*EXERCISE INSTRUCTIONS*
I need all of the entries printed exactly.
Content starts
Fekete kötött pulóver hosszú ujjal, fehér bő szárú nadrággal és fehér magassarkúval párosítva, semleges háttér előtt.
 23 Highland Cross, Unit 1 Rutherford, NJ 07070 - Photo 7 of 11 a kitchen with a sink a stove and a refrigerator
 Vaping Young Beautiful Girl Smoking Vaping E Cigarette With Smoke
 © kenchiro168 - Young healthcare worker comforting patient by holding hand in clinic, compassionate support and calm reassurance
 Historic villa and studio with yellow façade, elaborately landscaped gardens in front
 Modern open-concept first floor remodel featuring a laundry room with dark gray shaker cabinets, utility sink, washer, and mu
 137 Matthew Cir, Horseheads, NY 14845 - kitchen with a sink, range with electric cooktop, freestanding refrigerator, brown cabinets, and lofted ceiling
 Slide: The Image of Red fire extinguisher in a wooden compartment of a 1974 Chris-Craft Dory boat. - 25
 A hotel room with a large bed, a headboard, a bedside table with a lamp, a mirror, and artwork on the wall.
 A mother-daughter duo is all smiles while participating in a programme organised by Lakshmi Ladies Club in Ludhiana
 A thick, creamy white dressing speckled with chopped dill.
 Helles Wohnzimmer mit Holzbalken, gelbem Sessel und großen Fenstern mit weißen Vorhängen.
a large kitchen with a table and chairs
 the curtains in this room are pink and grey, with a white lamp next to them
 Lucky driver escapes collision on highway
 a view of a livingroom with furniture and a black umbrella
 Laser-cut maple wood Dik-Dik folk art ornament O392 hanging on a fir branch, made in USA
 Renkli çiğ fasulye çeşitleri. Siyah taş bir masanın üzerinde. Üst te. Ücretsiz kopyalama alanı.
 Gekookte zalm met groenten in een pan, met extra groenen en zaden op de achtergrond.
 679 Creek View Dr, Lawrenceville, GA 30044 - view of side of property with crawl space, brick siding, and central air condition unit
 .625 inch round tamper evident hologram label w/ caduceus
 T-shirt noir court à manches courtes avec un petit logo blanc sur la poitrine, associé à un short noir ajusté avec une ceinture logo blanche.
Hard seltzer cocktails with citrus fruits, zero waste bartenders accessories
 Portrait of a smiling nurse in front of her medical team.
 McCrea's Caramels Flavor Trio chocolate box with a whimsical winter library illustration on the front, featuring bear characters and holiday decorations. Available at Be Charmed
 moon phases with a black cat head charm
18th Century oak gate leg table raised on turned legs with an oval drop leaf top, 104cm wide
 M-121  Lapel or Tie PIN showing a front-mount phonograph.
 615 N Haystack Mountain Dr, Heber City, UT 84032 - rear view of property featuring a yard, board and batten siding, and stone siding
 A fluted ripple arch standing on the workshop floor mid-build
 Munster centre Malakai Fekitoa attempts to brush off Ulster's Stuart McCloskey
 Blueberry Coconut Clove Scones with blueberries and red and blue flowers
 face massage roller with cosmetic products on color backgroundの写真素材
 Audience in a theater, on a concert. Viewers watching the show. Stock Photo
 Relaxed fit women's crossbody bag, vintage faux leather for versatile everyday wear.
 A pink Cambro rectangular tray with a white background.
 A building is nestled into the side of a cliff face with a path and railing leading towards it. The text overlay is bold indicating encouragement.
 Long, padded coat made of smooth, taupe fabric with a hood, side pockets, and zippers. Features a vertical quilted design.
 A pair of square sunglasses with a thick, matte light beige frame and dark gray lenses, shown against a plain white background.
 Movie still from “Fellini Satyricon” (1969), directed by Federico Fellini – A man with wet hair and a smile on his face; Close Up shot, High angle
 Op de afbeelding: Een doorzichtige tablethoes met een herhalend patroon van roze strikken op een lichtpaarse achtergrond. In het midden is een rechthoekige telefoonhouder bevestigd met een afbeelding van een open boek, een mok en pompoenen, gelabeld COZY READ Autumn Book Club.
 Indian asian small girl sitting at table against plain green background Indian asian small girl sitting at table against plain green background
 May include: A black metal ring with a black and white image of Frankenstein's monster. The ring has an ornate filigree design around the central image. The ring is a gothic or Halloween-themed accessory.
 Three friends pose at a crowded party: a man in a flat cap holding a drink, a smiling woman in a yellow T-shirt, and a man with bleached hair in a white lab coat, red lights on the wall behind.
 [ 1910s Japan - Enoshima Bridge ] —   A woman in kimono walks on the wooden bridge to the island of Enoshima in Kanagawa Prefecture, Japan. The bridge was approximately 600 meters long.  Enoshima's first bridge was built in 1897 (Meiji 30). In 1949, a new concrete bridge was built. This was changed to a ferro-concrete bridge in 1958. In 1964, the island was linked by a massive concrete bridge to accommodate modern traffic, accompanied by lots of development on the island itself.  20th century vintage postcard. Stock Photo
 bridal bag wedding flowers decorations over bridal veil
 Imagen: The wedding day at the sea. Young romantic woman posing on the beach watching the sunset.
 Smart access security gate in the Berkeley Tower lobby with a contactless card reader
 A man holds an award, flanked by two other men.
Content ends
*TASK OUTPUT*
Fekete kötött pulóver hosszú ujjal, fehér bő szárú nadrággal és fehér magassarkúval párosítva, semleges háttér előtt.
 23 Highland Cross, Unit 1 Rutherford, NJ 07070 - Photo 7 of 11 a kitchen with a sink a stove and a refrigerator
 Vaping Young Beautiful Girl Smoking Vaping E Cigarette With Smoke
 © kenchiro168 - Young healthcare worker comforting patient by holding hand in clinic, compassionate support and calm reassurance
 Historic villa and studio with yellow façade, elaborately landscaped gardens in front
 Modern open-concept first floor remodel featuring a laundry room with dark gray shaker cabinets, utility sink, washer, and mu
 137 Matthew Cir, Horseheads, NY 14845 - kitchen with a sink, range with electric cooktop, freestanding refrigerator, brown cabinets, and lofted ceiling
 Slide: The Image of Red fire extinguisher in a wooden compartment of a 1974 Chris-Craft Dory boat. - 25
 A hotel room with a large bed, a headboard, a bedside table with a lamp, a mirror, and artwork on the wall.
 A mother-daughter duo is all smiles while participating in a programme organised by Lakshmi Ladies Club in Ludhiana
 A thick, creamy white dressing speckled with chopped dill.
 Helles Wohnzimmer mit Holzbalken, gelbem Sessel und großen Fenstern mit weißen Vorhängen.
a large kitchen with a table and chairs
 the curtains in this room are pink and grey, with a white lamp next to them
 Lucky driver escapes collision on highway
 a view of a livingroom with furniture and a black umbrella
 Laser-cut maple wood Dik-Dik folk art ornament O392 hanging on a fir branch, made in USA
 Renkli çiğ fasulye çeşitleri. Siyah taş bir masanın üzerinde. Üst te. Ücretsiz kopyalama alanı.
 Gekookte zalm met groenten in een pan, met extra groenen en zaden op de achtergrond.
 679 Creek View Dr, Lawrenceville, GA 30044 - view of side of property with crawl space, brick siding, and central air condition unit
 .625 inch round tamper evident hologram label w/ caduceus
 T-shirt noir court à manches courtes avec un petit logo blanc sur la poitrine, associé à un short noir ajusté avec une ceinture logo blanche.
Hard seltzer cocktails with citrus fruits, zero waste bartenders accessories
 Portrait of a smiling nurse in front of her medical team.
 McCrea's Caramels Flavor Trio chocolate box with a whimsical winter library illustration on the front, featuring bear characters and holiday decorations. Available at Be Charmed
 moon phases with a black cat head charm
18th Century oak gate leg table raised on turned legs with an oval drop leaf top, 104cm wide
 M-121  Lapel or Tie PIN showing a front-mount phonograph.
 615 N Haystack Mountain Dr, Heber City, UT 84032 - rear view of property featuring a yard, board and batten siding, and stone siding
 A fluted ripple arch standing on the workshop floor mid-build
 Munster centre Malakai Fekitoa attempts to brush off Ulster's Stuart McCloskey
 Blueberry Coconut Clove Scones with blueberries and red and blue flowers
 face massage roller with cosmetic products on color backgroundの写真素材
 Audience in a theater, on a concert. Viewers watching the show. Stock Photo
 Relaxed fit women's crossbody bag, vintage faux leather for versatile everyday wear.
 A pink Cambro rectangular tray with a white background.
 A building is nestled into the side of a cliff face with a path and railing leading towards it. The text overlay is bold indicating encouragement.
 Long, padded coat made of smooth, taupe fabric with a hood, side pockets, and zippers. Features a vertical quilted design.
 A pair of square sunglasses with a thick, matte light beige frame and dark gray lenses, shown against a plain white background.
 Movie still from “Fellini Satyricon” (1969), directed by Federico Fellini – A man with wet hair and a smile on his face; Close Up shot, High angle
 Op de afbeelding: Een doorzichtige tablethoes met een herhalend patroon van roze strikken op een lichtpaarse achtergrond. In het midden is een rechthoekige telefoonhouder bevestigd met een afbeelding van een open boek, een mok en pompoenen, gelabeld COZY READ Autumn Book Club.
 Indian asian small girl sitting at table against plain green background Indian asian small girl sitting at table against plain green background
 May include: A black metal ring with a black and white image of Frankenstein's monster. The ring has an ornate filigree design around the central image. The ring is a gothic or Halloween-themed accessory.
 Three friends pose at a crowded party: a man in a flat cap holding a drink, a smiling woman in a yellow T-shirt, and a man with bleached hair in a white lab coat, red lights on the wall behind.
 [ 1910s Japan - Enoshima Bridge ] —   A woman in kimono walks on the wooden bridge to the island of Enoshima in Kanagawa Prefecture, Japan. The bridge was approximately 600 meters long.  Enoshima's first bridge was built in 1897 (Meiji 30). In 1949, a new concrete bridge was built. This was changed to a ferro-concrete bridge in 1958. In 1964, the island was linked by a massive concrete bridge to accommodate modern traffic, accompanied by lots of development on the island itself.  20th century vintage postcard. Stock Photo
 bridal bag wedding flowers decorations over bridal veil
 Imagen: The wedding day at the sea. Young romantic woman posing on the beach watching the sunset.
 Smart access security gate in the Berkeley Tower lobby with a contactless card reader
 A man holds an award, flanked by two other men.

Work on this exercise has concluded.